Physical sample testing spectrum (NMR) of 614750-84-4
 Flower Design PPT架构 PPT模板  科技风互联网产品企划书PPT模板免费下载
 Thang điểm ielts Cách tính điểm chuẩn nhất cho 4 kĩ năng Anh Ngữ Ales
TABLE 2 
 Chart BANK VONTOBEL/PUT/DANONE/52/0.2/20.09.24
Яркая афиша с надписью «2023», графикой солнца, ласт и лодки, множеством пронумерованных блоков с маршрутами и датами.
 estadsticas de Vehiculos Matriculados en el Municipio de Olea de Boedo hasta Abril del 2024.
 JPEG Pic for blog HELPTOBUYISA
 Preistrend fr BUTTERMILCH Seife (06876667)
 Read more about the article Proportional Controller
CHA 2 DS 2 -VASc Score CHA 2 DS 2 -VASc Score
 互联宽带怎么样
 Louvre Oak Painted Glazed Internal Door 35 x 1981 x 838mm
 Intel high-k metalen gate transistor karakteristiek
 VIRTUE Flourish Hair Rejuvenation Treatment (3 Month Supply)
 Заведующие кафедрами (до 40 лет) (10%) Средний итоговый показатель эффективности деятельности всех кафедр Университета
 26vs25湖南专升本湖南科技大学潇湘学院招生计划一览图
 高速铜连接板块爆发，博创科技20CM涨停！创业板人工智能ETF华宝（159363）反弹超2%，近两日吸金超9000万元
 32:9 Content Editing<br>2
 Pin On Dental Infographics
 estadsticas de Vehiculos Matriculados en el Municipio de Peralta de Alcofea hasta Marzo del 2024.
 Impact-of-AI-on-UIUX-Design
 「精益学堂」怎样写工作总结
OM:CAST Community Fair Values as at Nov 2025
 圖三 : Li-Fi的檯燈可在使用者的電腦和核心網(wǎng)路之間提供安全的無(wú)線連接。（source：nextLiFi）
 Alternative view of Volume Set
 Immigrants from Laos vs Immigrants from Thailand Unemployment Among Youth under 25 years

*TASK OBJECTIVE:* This exercise needs every line of the listing that contains the word "estadsticas".

*WRITTEN ANSWER:*
 estadsticas de Vehiculos Matriculados en el Municipio de Olea de Boedo hasta Abril del 2024.
 estadsticas de Vehiculos Matriculados en el Municipio de Peralta de Alcofea hasta Marzo del 2024.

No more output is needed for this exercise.